Now I can't use "no cleaning" or even "not more than one load of laundry in a day" as an excuse to preserving our water supply.

15 October 2010

Just a Drop in the Bucket

How to purchase utilities in Beijing. Today's lesson is Water.

Sounds vaguely familiar, right? Good. That means you've been following along, and you already know how to go about purchasing electricity for your Beijing apartment. So, let's get to it.

1) First, spend your entire Friday cleaning the entire apartment from top to bottom. I mean, really give it a good scrub. Make it shine. Let's divide this step into sub-categories, shall we?

a) Wash three loads of laundry in one day. You've been avoiding laundry altogether for a week and it's about time your neighbors got another glimpse at your skivvies hanging out to dry in the windows.

b) Wash the sinks, the bathroom mirrors, the shower, behind the toilets in that spot you can't see but know it's collecting dust and worse. Do this using a combination of what's left of your cleaning supplies mixed with the faucet water and elbow grease.

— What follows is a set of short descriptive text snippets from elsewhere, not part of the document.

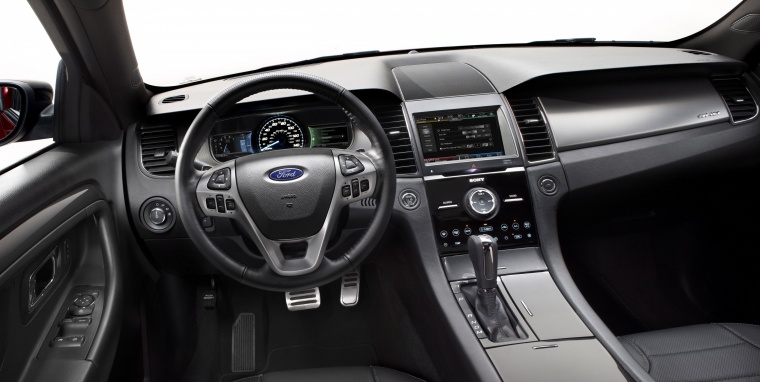 2018 Ford Taurus SHO Sedan Cockpit Picture
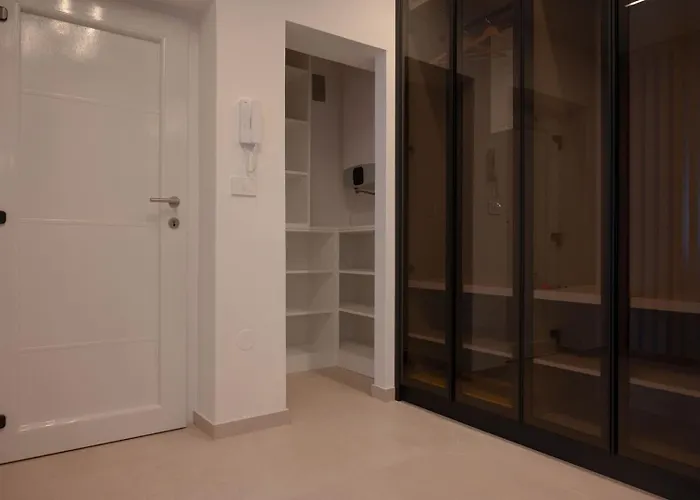 Stylish 10min To The Apartment *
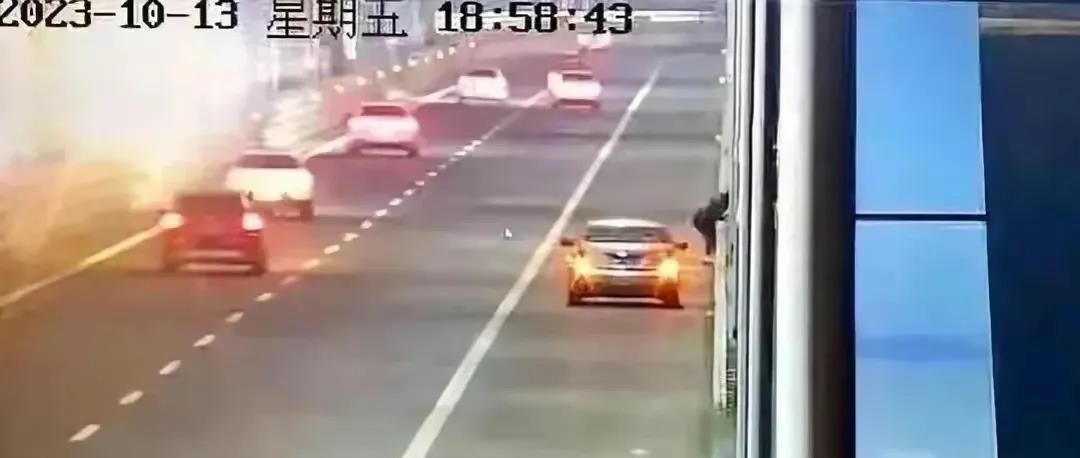 济南33岁自绑双脚天河自尽的小伙子，以及事后在两人搀扶下佝偻着脊梁的白发老父亲，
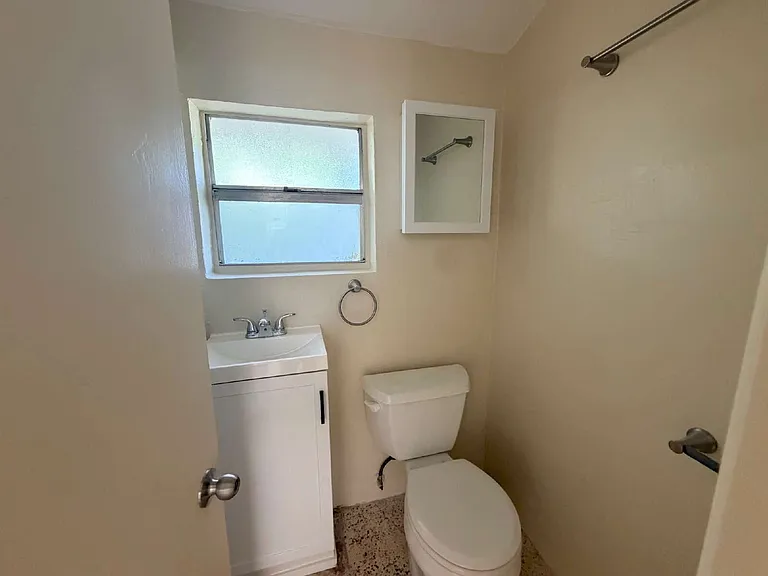 5808 Olive Dr — Photo 9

c) Wash alllll the dishes. They have been collecting dust, not because you don't use them daily, but because Beijing apartments get exceedingly dusty every minute of the day. You have realized that ignoring the dust does not make it go away on its own. Because the water never gets hot, you let the kitchen faucet run longer than you normally would like to admit in a country with a water crisis.

d) Clean, clean clean. Behind the kitchen sink. The top of the fridge. The floors. Underneath the fridge. Under the cabinet. On top of the cabinet. The light fixtures. Under the couch. Under the bed. On top of the table. The windows. The flat screen TV that's never on because you get only one English speaking channel that plays the same program every two hours. Anything you see or touch. Clean it.

2) Spend the rest of your afternoon busying yourself by making lunch, wasting time online, and watching the third Twilight series movie. It's true. Beijing has broken you and you are now watching DVDs you bought from the corner shop for a dollar. You just wanted to see what the big deal is about this Twilight business. It's a dollar!

3) Somehow, it's already 8:00 PM, and you've exerted your cooking energy for the day at lunchtime. Go out for Peking roast duck.

4) Come home from dinner and plop yourself on the couch. Glance over at that plant you purchased three weeks ago; it needs watering.

5) Turn on the tap in the kitchen. There is a faint gurgling sound, but not a drop of water. Go to the half-bath to test that sink, too. psssssssstttttttttttthhhhhh. Check the other bathroom sink, the shower, flush the toilet. On second thought, don't flush the toilet. Save that water.

6) Check your bottled water situation.

7) You can check the faucets again in an hour or so, but don't get your hopes up.

8) Distract yourself by watching Don Draper destroy his life.

9) Before you go to bed, don't forget to brush your teeth and wash your face.

10) Damnit! girgle, girgle, hissss, phhhhhtttt.

11) Repeat step #9 using bottled water. In fact, repeat step #8, too.

12) The next day, if you can't shower in the morning because you lack water, don't worry. You planned to hike the Great Wall.  And, anyhow, you're going to hide your unwashed self under a cool baseball cap embroidered with the Chinese character "tiger" that your friends gave you before you left for Beijing.

13) You return from your amazing day at the Great Wall. You're still on a high from having touched one of the Seven Wonders of the World. You forget that your water stopped flowing freely from its spouts 18 hours ago. You could really use a hot shower right about now.